> Exercise details:
Copy exactly the lines of the material below that fall between the line with "lovers and gentle" and the line with "Colorful gum in", both of those lines included; pictures stay out.

> Exercise material:

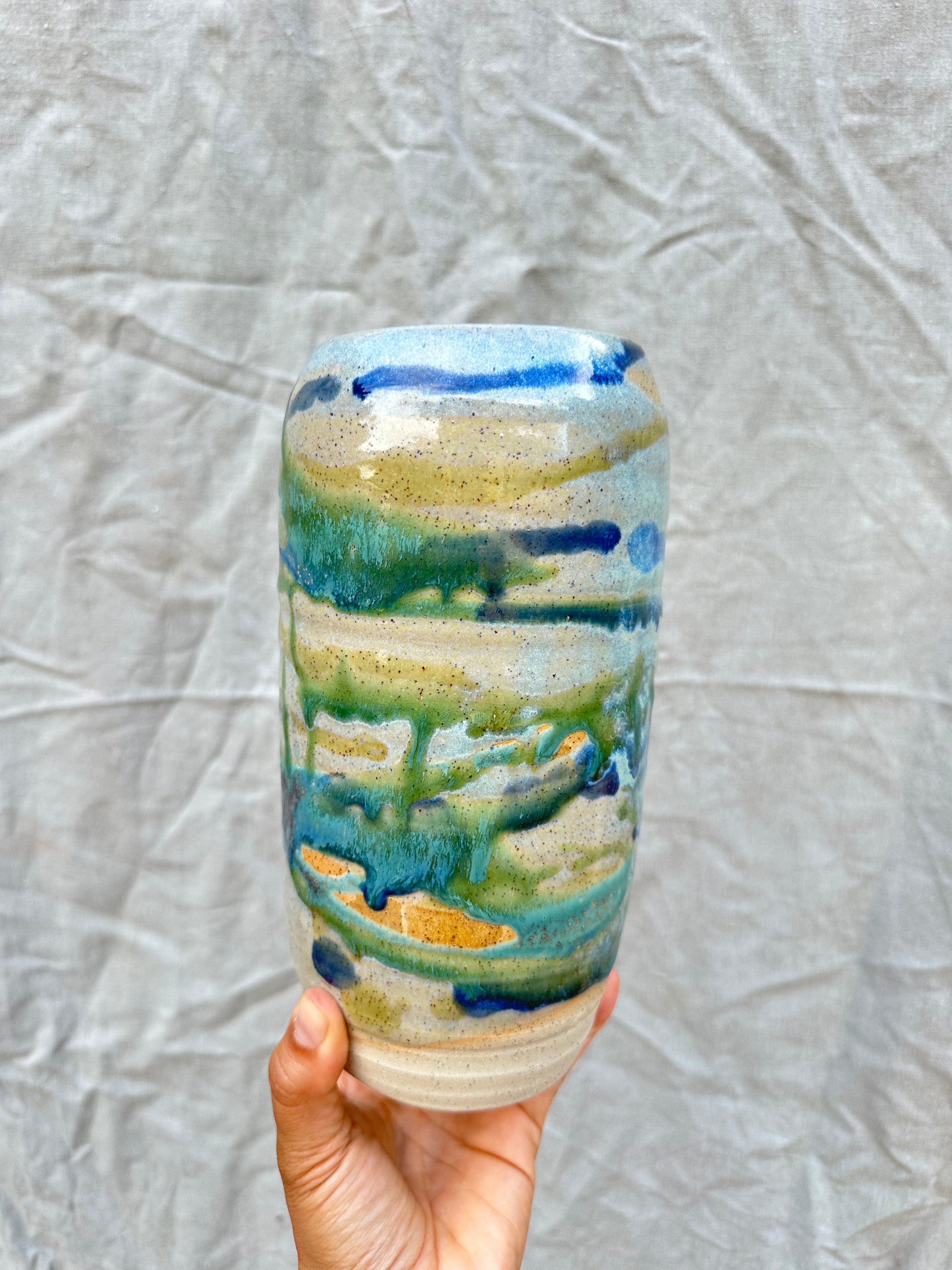 Hand holding a ceramic vase with a scenic design against a textured gray background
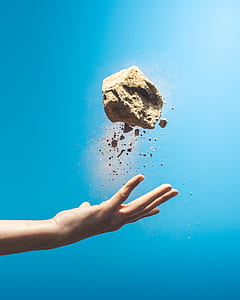 photo of person throwing stone thumbnail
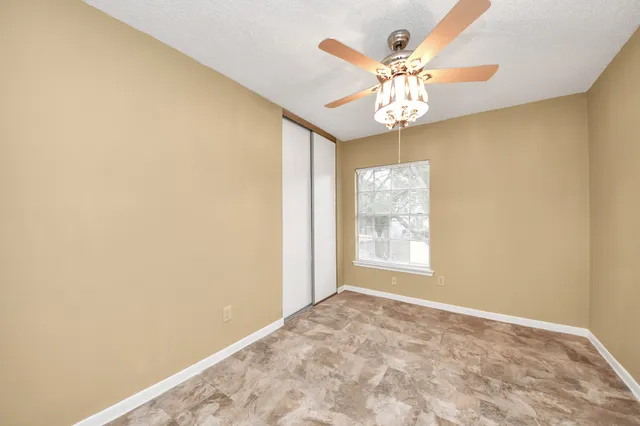 an empty room with windows and fan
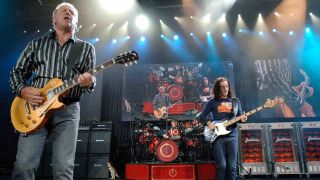 Rush’s Alex Lifeson and Geddy Lee performing onstage in 2007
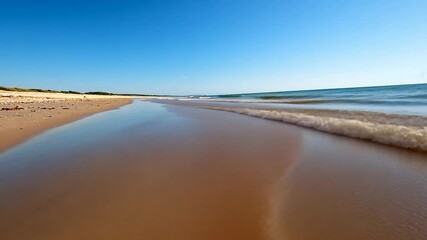 Wall Mural - coastal scene depicting a sandy beach with gentle waves under a bright blue sky. the water reflects 
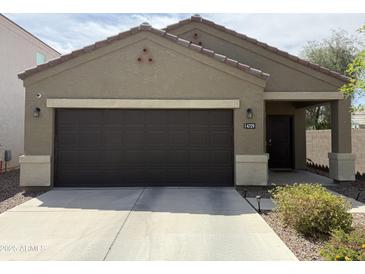 Single-story home featuring a two-car garage with a dark brown door and desert landscaping at 4729 E Chromium Rd, San Tan Valley, AZ 85143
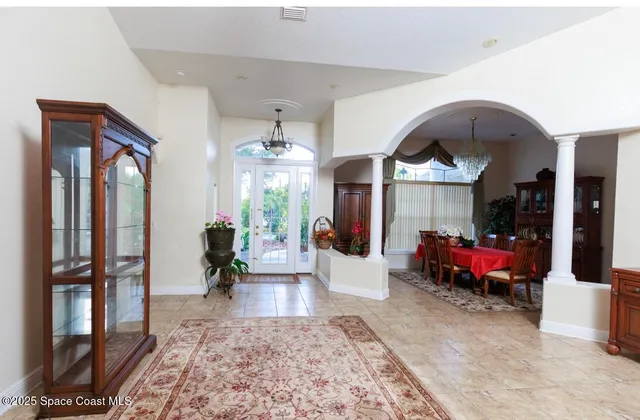 a living room with furniture fireplace and wooden floor
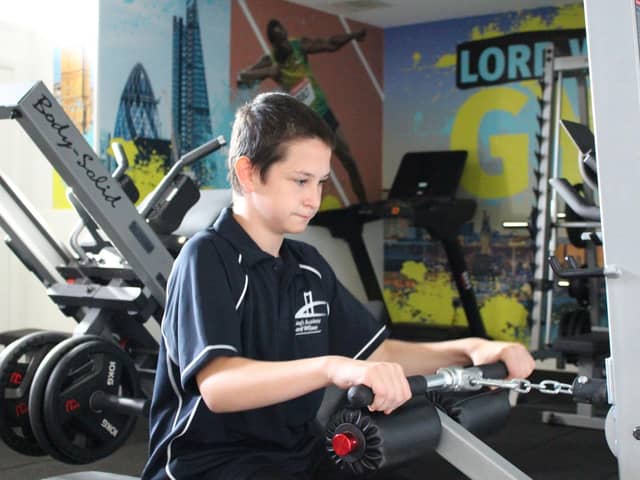 A student working hard in the school's new gym.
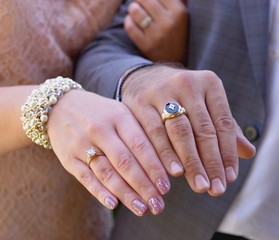 Newly wed couple's hands with wedding rings.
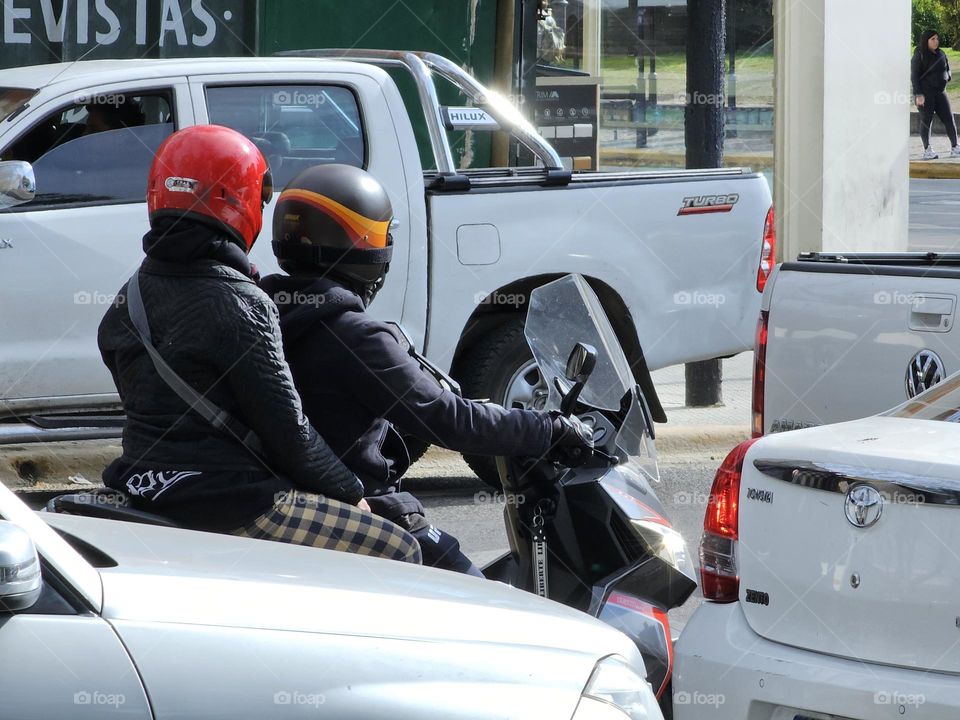 Two people on a motorcycle waiting at a light surrounded by cars on a busy street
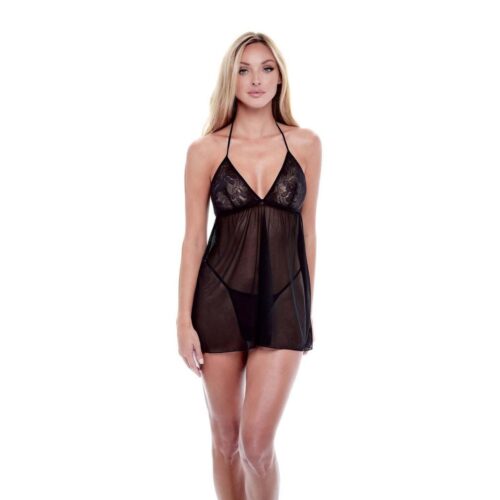 Model in a sheer black nightgown with floral detailing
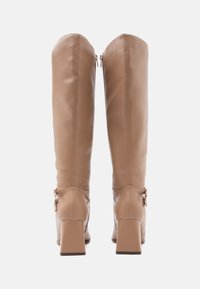 Botas de cuero hasta la rodilla en un tono marrón claro con un acabado texturizado. Cuentan con un tacón cuadrado y cierres de cremallera en la parte posterior.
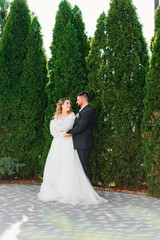 lovers and gentle dancing happy bride and groom in nature. 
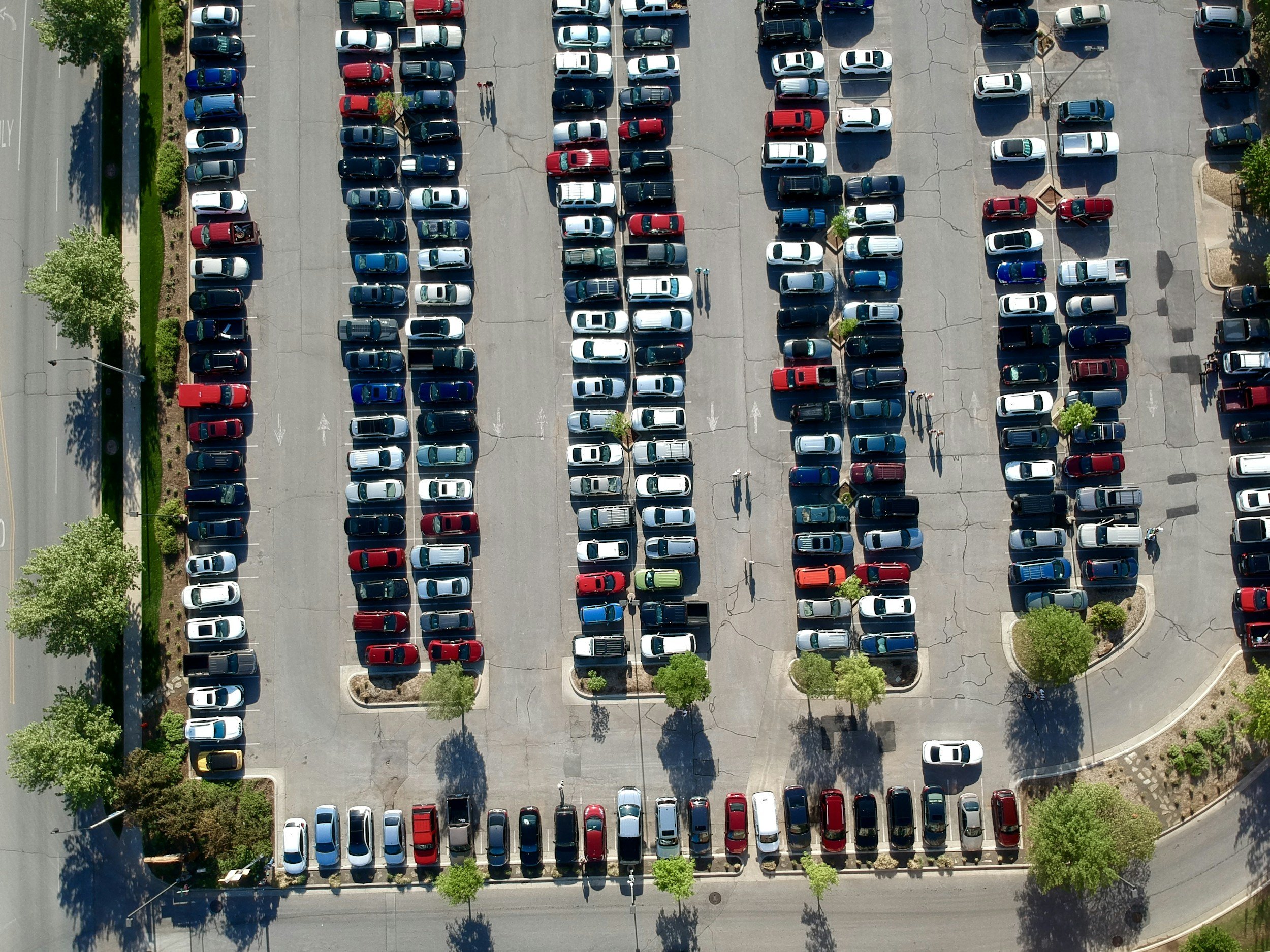 Aerial view of a parking lot filled with cars, with trees along the perimeter and some people walking.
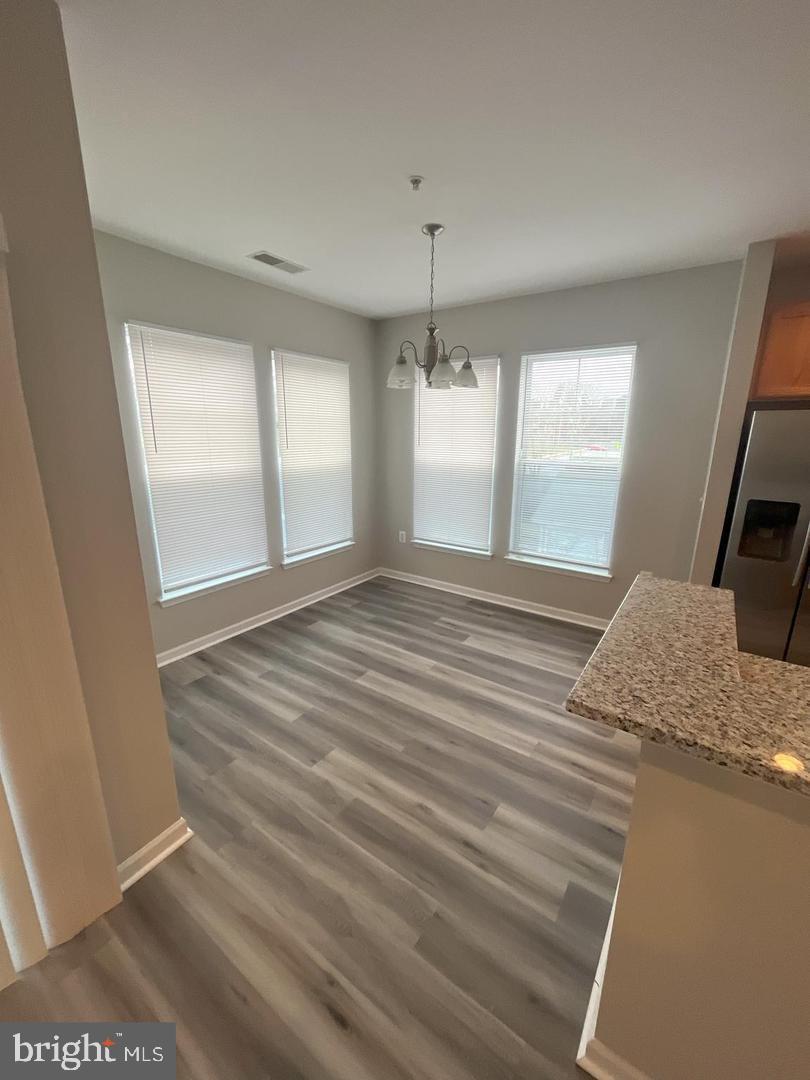 1321 Karen Boulevard, Unit 302 Capitol Heights, MD 20743 - Photo 7 of 14 a bedroom with a bed and a large window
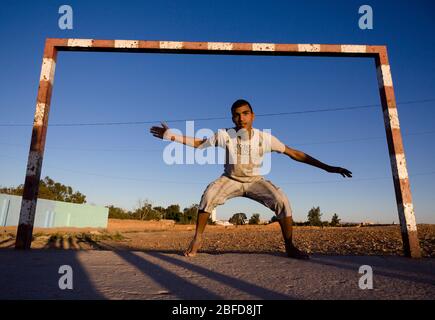 Moroccan boy playing goalkeeper in the Western Sahara, Morocco Stock ...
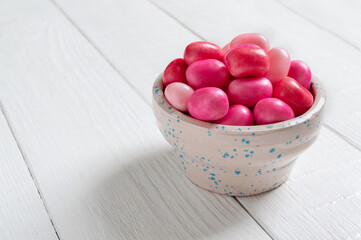 Colorful gum in a bowl on a white wooden background. Holiday concept, baby treats.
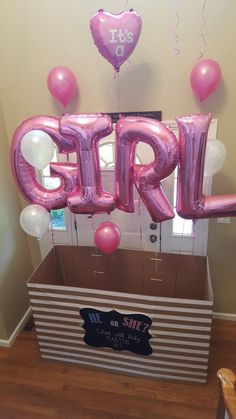 a box filled with pink balloons that spell out the word girl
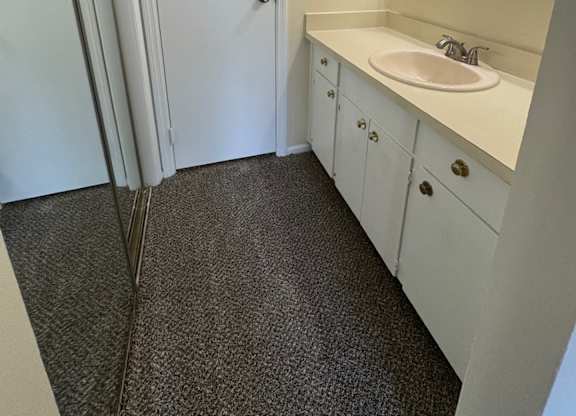 A bathroom with a sink, mirror, and cabinets.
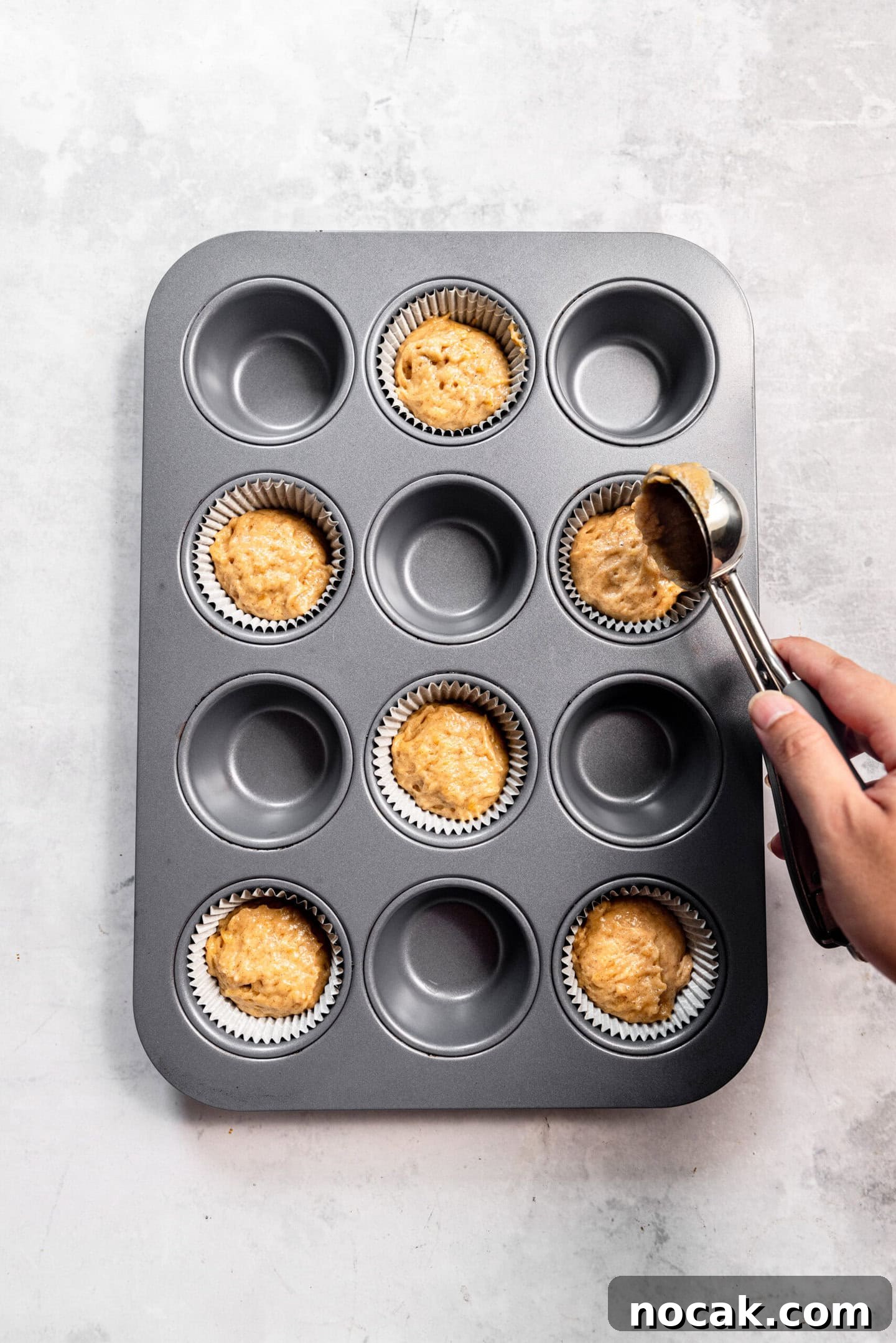 Muffin batter being scooped into a prepared muffin pan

> Written answer:
 lovers and gentle dancing happy bride and groom in nature. 
 Aerial view of a parking lot filled with cars, with trees along the perimeter and some people walking.
 1321 Karen Boulevard, Unit 302 Capitol Heights, MD 20743 - Photo 7 of 14 a bedroom with a bed and a large window
 Moroccan boy playing goalkeeper in the Western Sahara, Morocco Stock ...
 Colorful gum in a bowl on a white wooden background. Holiday concept, baby treats.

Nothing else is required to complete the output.